Side note: Outback broke up in 1992 right after “Dance the Devil Away” was released. It was their second disc. Still available here and there, and definitely worth picking up. It’s been a standard for me since ’92 and never fails to make me feel better.

So. There I was, on a snowy road up the North Thompson thinking about didjeridoos. Can’t get much more random than that, but it’s my specialty. Let’s set aside for a moment that the didj is not part of my cultural heritage, is a simple device that’s complicated to play, and requires years of practice. I’m just wondering if I can make didj-like noises — and if I can, then it sounds like an interesting challenge to learn circular breathing and see if I can, finally, amuse myself and others with a musical instrument.

Lunch is when I turn to the Internet for companionship and inspiration. Turns out, like everything else, the didjeridoo is on the Internet. Lots of people make their first one out of PVC pipe. Some artists, including a woman in Quebec, make them in glass. Australians make them in all kinds of materials, and some business source and sell only didjeridoos made by Aboriginal Australians from ethically-harvested wood. Most sites suggest making a PVC didj to start the learning process.

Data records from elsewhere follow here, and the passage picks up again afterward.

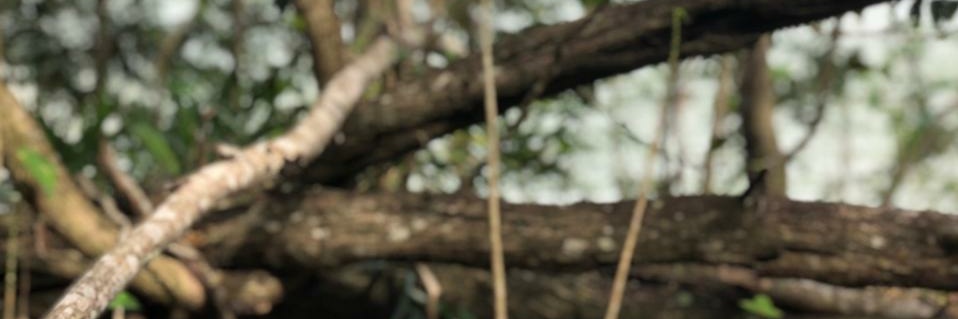 Ensanche Isabelita banner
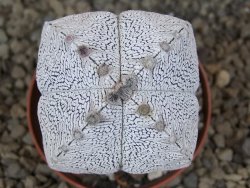 Astrophytum Onzuko quadricostatum květináč 7 cm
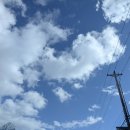 In Your Radiant Season 이미지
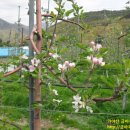 금바우골 이미지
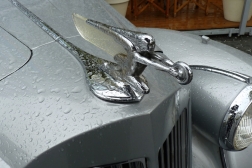 Packard Eight Touring Sedan de luxe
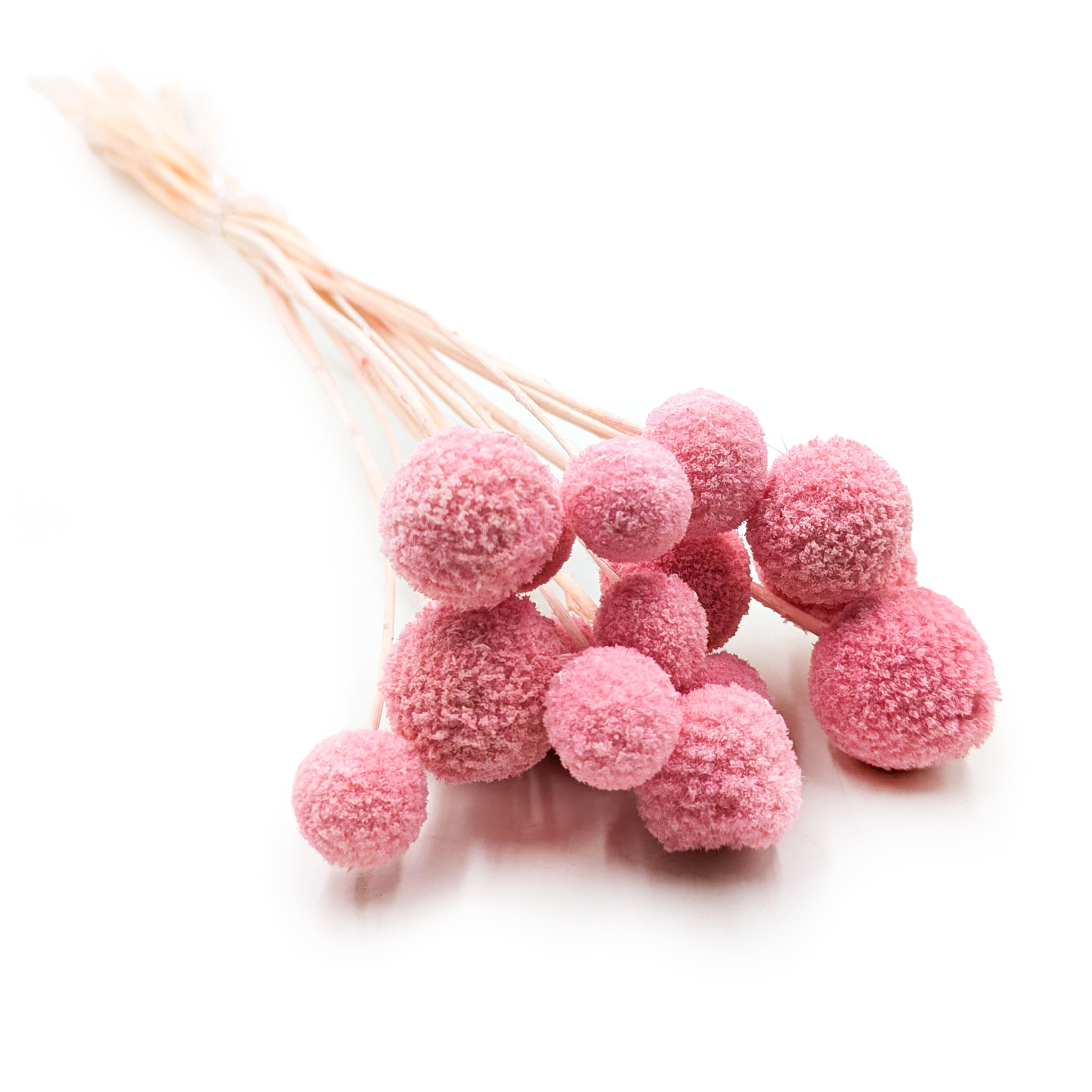 Craspedia Séchée - Rose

Now *here’s* why this is in “Tools.” I am aware that PVC pipe can have some nasty stuff in it. I know, for instance, that if I want to get rid of any old pipe on the farm, that it has to go to a hazardous waste disposal site. Frankly, I don’t want to be swapping spit with toxic chemicals just to make the same noise my old cat Nermal used to make when coughing up a hairball. It’d be healthier just to get another old cat and let him sit around licking his bum. Back to the Internet, where I find to my dismay that PVC pipe, among other things, contains “plasticizers” including three that are banned in the EU — and BPA or Bisphenol-A, which is carefully controlled in Canada.
To my joy, however, ABS pipe does not have BPA. So, off to the hardware store for six feet of 1-1/2 inch ABS pipe, a connector, and an adaptor. I’ll cut that pipe down to 52 inches exactly (including the length of the “mouthpiece”) and I’ll have a (less) toxic C didjeridoo.
Then we’ll see what happens. Although I’m serious enough to give it a good go and work at it, I’m also only into it for $12.07 including taxes. I’ll have some fun, and if it doesn’t work out, well hell — always nice to have a spare chunk of plumbing around to fix something.